What is the Cold Wall Effect? Can it cause premature coating failure and, if so, how do I prevent or minimize it?


Selected Answers

From Simon Hope of BIS Salamis (M&I) on December 29, 2010:
'Cold Wall Effect' is normally due to a temperature gradient being built up across a coating as described in the previous two answers. It is commonly encountered in ships' tanks where the contents are at a significantly higher temperature than the surrounding ambient, or it regularly occurs in process vessels where a process liquid is running significantly higher than the ambient. Classically with process vessels these have originally been insulated with heat conservation materials but have been selectively stripped (typically from 5 o'clock to 7 o'clock for belly inspection and corrosion monitoring as well as prevention of CUI (Corrosion Under Insulation). This lack of insulation creates the necessary thermal gradient that can lead to Cold Wall failures of the coating. Reinstatement of insulation using a syntactic material against the more common mineral wool insulations can help reduce Cold Wall failures due to lack of insulation and saturated areas of wool cooling the shell. The major drawback is the lack of ability to undertake shell inspections using conventional U/T methods externally, so removable panels need to be integrated into the design so that all parties are satisfied. Internal coatings need to be high density and low permeability with a coefficient of expansion closely in line with the substrate to avoid micro cracking when heat-cycled. Typically, solvent-free epoxy phenolic type coatings with carefully selected fillers (normally ceramics) will give the best resistance to this type of failure. As can be seen, it is not normally attributable to a single source, but a combination of problems leading to a situation where failure may occur. Careful design and a full understanding of the operation of the item can help considerably with mitigation and avoidance.

From David Grove of Shaw Nuclear Power Services on December 28, 2010:
The cold wall effect is where there is a temperature difference between one side of a sheet structure to the other side, which generally can cause condensation or blisters under the coating. The best way to eliminate this is to ensure that the surface is washed and rinsed with clean fresh potable water before final surface preparation with sufficient profile. For heavily rusted, chemically contaminated surfaces, I used to specify a commercial (or rough) blast to expose the steel, then a final wash followed by a near-white (SSPC-SP 10) blast. Since all coatings are some- what permeable, the key is to ensure that any moisture intrusion does not have a surface contaminant to react to and cause a blister. Contact your coating technical service for specifics.
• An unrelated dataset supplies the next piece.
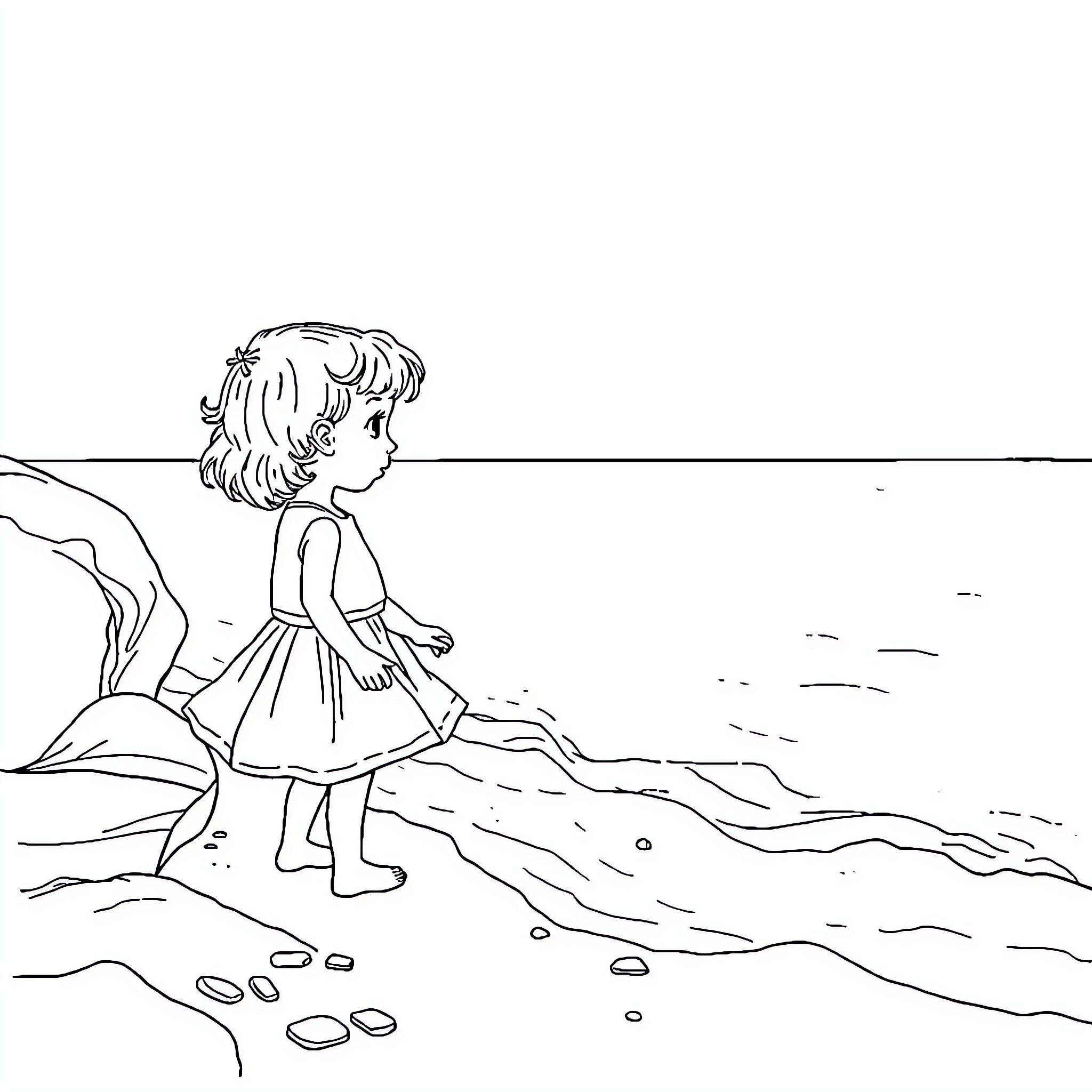 Girl exploring the shore by the water Coloring Page (free black-and-white line drawing printable PDF for all, from beginners to advanced learners, including children, teens, adults, and seniors)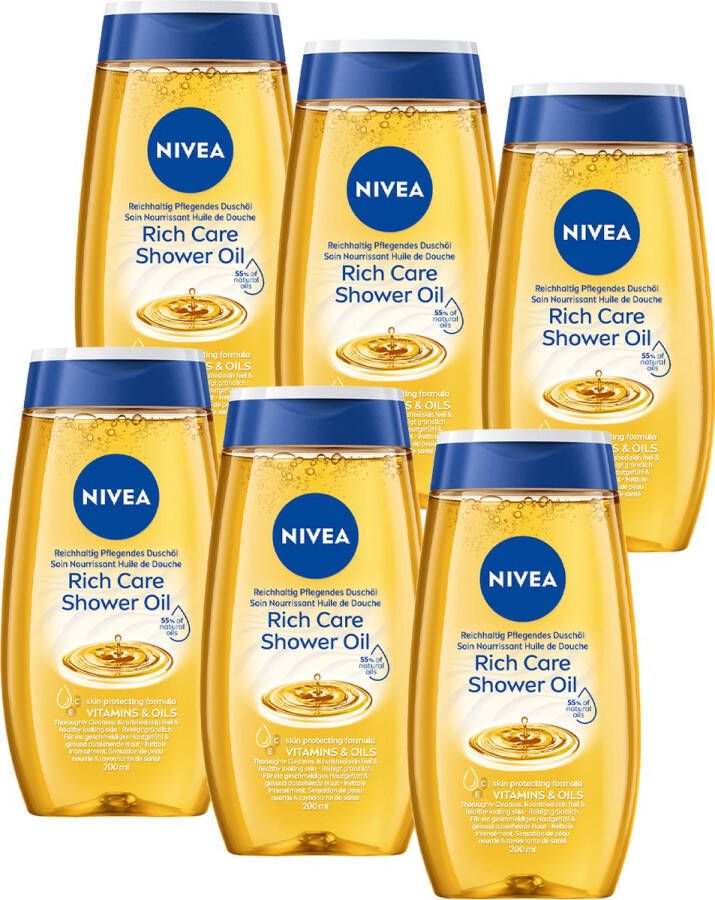 NIVEA Natural Shower Oil Hydraterende doucheolie Met Vitaminen C en E Voordeelverpakking van 6x 200 ml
From Craig Wallbank of W Abrasives on December 21, 2010:
Cold wall effect is a term commonly used when a structure, say a holding tank, has a lower atmospheric temperature on the outside than the product that is stored inside. This thermal difference can cause water vapour to build up between the substrate and the lining that was applied to the inside of the tank. As the water may hold soluble salts, this will have an effect of 'blistering' and therefore a failure. Although I am not a coating 'expert,' I understand that the lining system should have a low permabilty rating to help prevent this from happening.